Saberes Ancestrais e o Presente

A verdadeira inovação pode não vir da tecnologia, mas da sabedoria ancestral. Povos originários sempre souberam que “o rio é avô, a terra é mãe, e o tempo é espiral”. Essa perspectiva ressoa com Coccia, que descreve as plantas como alicerces do mundo habitável. Ele afirma: “As plantas transformam luz em mundo… respiramos o que elas exalam”. Para os indígenas, uma árvore é mais que um recurso: é um ser vivo, parte de uma convivência e reciprocidade. Os povos indígenas veem a Terra como parte de si mesmos, uma mãe com quem se dialoga e compartilha dores e alegrias. Salvar a humanidade está intrinsecamente ligado a salvar o planeta, o que passa por ouvir aqueles que convivem com ele há milênios. O colapso ambiental atual também reflete um colapso de imaginação. A filosofia de Coccia e a cosmovisão indígena oferecem caminhos de reencontro, cura e reencantamento com a vida.

O Futuro Ancestral

O Dia dos Povos Indígenas, celebrado em 19 de abril, deve ir além de homenagens pontuais.
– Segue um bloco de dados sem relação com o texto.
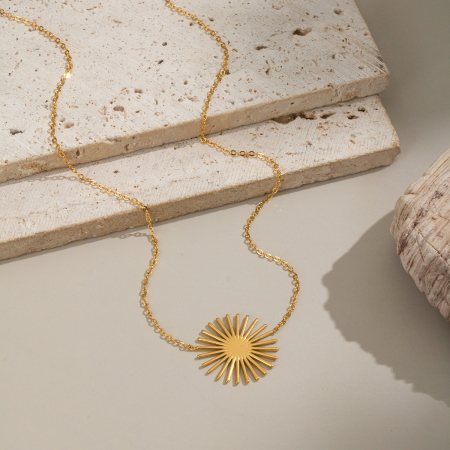 Collier pendentif femme simple et décontracté en acier inoxydable étanche couleur or (1 pièce)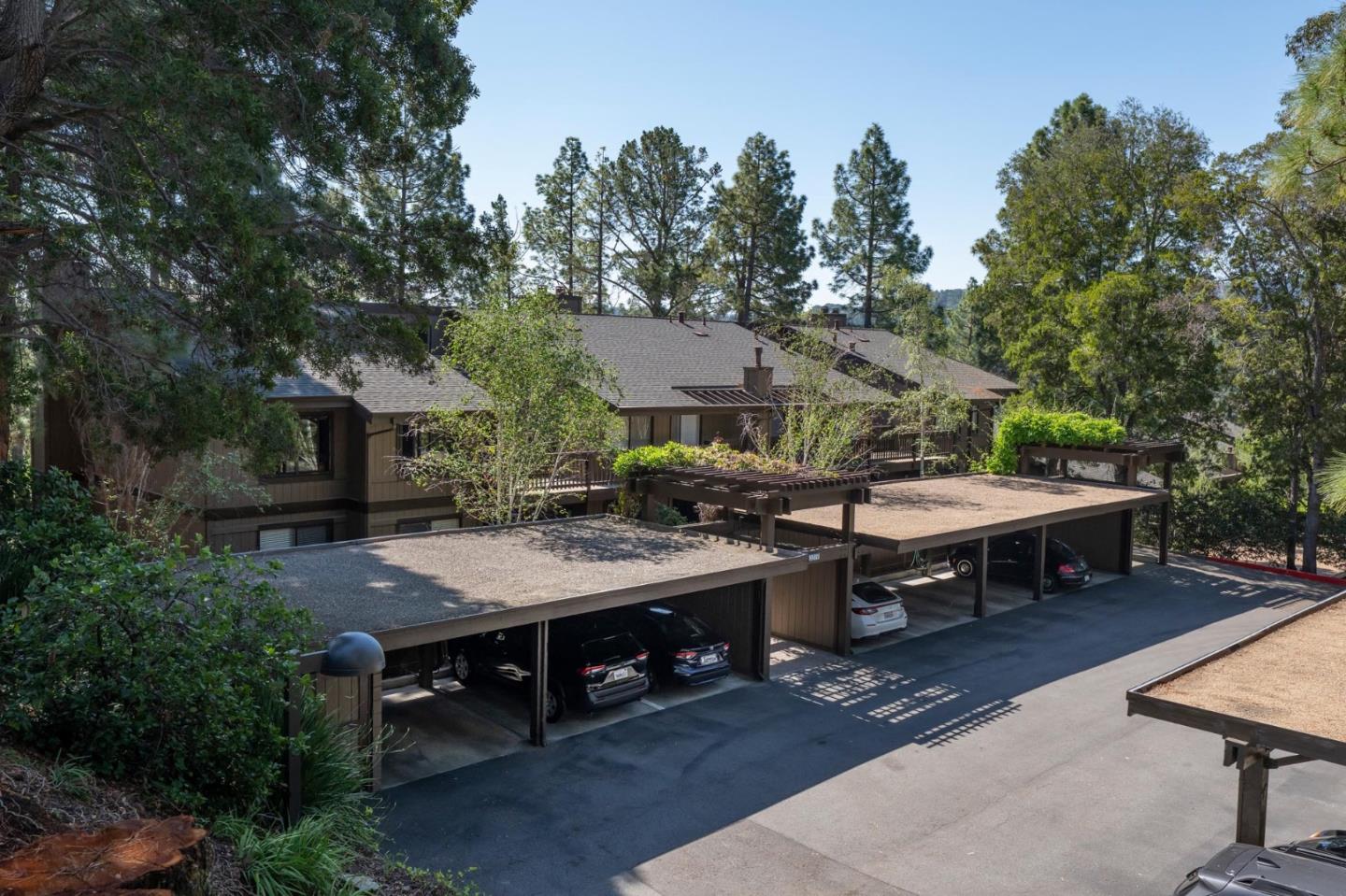 Detail Gallery Image 20 of 21 For 3323 La Mesa Dr #2,  San Carlos,  CA 94070 - 2 Beds | 2 Baths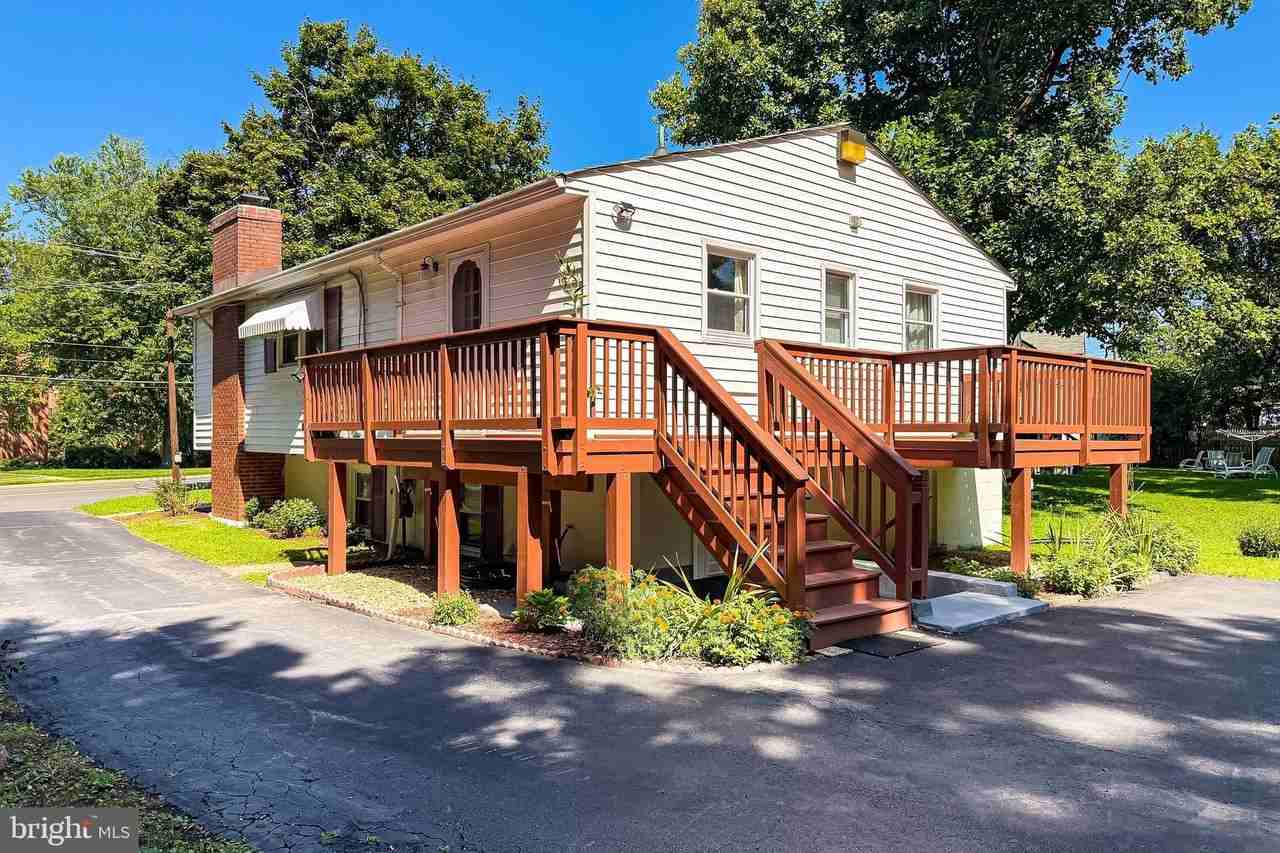 2843 Annandale Rd - Photo 3 of 30
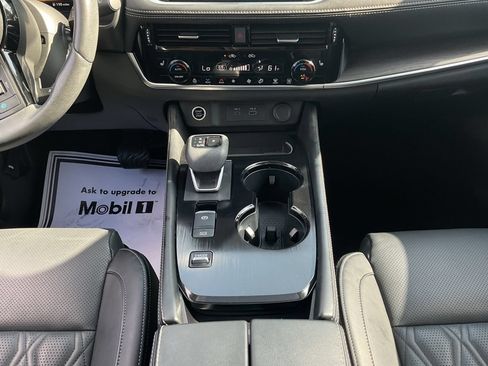 Used 2023 Nissan Rogue Platinum w/ Platinum Premium Package FWD image 17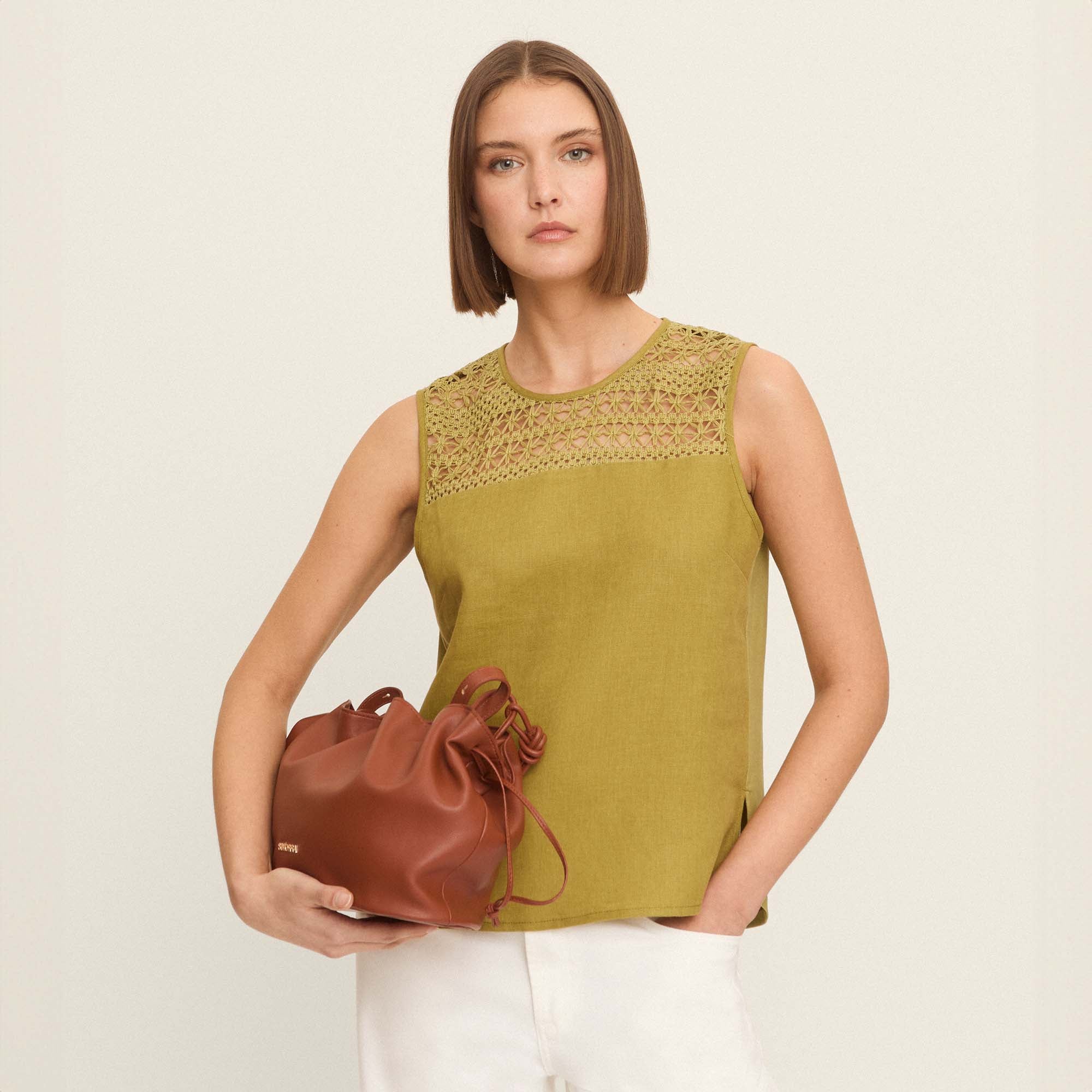 Linen and crochet T-shirt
É necessário um compromisso diário de proteção, respeito e valorização dessas culturas. Os povos originários não são passado — são um futuro radicalmente possível. Apesar da dor e da destruição que enfrentaram, continuam a ensinar, plantar, curar e resistir. Enquanto o Ocidente teme o fim, eles já aprenderam a sobreviver e reinventar o mundo. Para nós, urbanos, que tratamos a natureza como recurso, o planeta clama por um novo rumo. Precisamos reconhecer que os povos originários têm muito a nos ensinar. Eles não são “menos”, mas parte de uma diversidade que nos completa. Escutá-los exige humildade e uma união baseada no respeito e na comunhão.

Encontro e Reconexão

O que está em jogo é maior do que nós: é a continuidade da Terra como mãe de todos os seres. Reaprender a dançar com os ritmos da terra, em uma grande dança coletiva, onde todas as culturas e seres compartilham o mesmo chão, é o gesto mais revolucionário de nosso tempo. O futuro será possível apenas se for vivido em comunhão — com a Terra, os rios, os ventos e os saberes ancestrais. Que possamos, juntos, caminhar rumo a um futuro enraizado nos saberes primevos, onde cada passo ecoa as raízes do mundo. Os povos originários, com sua resiliência e generosidade, nos mostram que ainda há tempo para “adiar o fim do mundo” e recomeçar. O futuro será ancestral.

Por Sueli Lopes, escritora e doutora honoris causa em Literatura.